Math, asked by sraghavsharma3842, 11 months ago

Seg AB is a diameter of a circle with centre P. Seg AC is
a chord. A secant through P and parallel to seg AC intersects
the tangent drawn at C in D. Prove that line DB is a tangent
to the circle.

Answers

Answered by bhagyashreechowdhury
26

The line DB is proved to be a tangent to the given circle.

Step-by-step explanation:

It is given that,

Segment AB is a diameter of the circle with centre P

Segment AC is a chord

CD is a tangent drawn at point C.

We know that a line is a tangent to a circle if the line is perpendicular to the radius drawn to the point of tangency.

CP ⊥ CD

∠PCD = 90° ….. (i)

Considering ∆APC, we have  

AP = CP ….. [radius of the circle]

∠PAC = ∠PCA ….. [angles opposite to equal sides are also equal] …. (ii)

Also, we have AC // PD

So,  

∠PCA = ∠CPD ……. [alternate angles] ….. (iii)

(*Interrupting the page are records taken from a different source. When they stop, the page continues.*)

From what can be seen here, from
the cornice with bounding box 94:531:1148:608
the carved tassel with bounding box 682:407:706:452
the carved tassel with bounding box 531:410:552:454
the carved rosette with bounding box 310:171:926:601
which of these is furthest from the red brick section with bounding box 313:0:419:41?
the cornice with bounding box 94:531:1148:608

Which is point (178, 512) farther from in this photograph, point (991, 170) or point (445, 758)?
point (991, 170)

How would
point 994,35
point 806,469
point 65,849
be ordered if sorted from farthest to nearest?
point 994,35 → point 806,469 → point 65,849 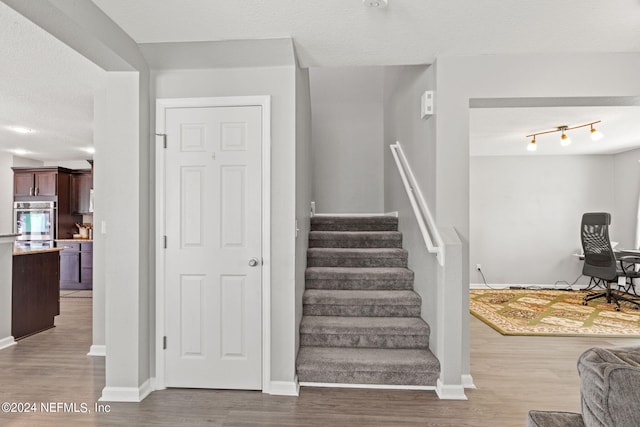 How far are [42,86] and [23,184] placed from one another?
4.65 metres

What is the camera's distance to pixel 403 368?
2.65 meters

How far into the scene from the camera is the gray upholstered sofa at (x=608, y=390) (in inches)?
35.6

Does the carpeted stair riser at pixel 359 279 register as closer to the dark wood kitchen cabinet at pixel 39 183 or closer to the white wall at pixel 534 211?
the white wall at pixel 534 211

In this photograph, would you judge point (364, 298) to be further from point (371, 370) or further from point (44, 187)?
point (44, 187)

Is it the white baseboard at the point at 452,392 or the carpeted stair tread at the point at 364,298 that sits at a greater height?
the carpeted stair tread at the point at 364,298

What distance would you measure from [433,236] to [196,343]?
2028mm

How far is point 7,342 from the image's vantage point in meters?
3.62

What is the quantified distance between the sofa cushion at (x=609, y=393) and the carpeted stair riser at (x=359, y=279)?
2.43 meters

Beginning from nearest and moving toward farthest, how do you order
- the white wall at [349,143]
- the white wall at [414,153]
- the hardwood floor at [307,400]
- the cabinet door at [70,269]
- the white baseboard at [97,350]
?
the hardwood floor at [307,400] → the white wall at [414,153] → the white baseboard at [97,350] → the white wall at [349,143] → the cabinet door at [70,269]

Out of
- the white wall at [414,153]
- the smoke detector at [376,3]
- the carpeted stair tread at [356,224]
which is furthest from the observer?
the carpeted stair tread at [356,224]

∠PAC = ∠DPB …… [corresponding angles] …… (iv)

From (i), (ii) & (iii), we get

∠CPD = ∠DPB ….. (v)

Now, in ∆ CPD and ∆ BPD, we have

PD = PD ……. [common side of both the triangle]

∠CPD = ∠DPB …… [from (v)]

CP = BP …… [radius of the circle]

By SAS, ∆ CPD ≅ ∆ BPD

∠PCD = ∠PBD …… [By Corresponding Parts of Congruent Triangles] …… (vi)

From (i) & (vi), we get

∠PBD = 90°

⇒ PB ⊥ DB

So, according to the converse tangent theorem if a line is perpendicular to the radius at its endpoint then the line is tangent to the circle.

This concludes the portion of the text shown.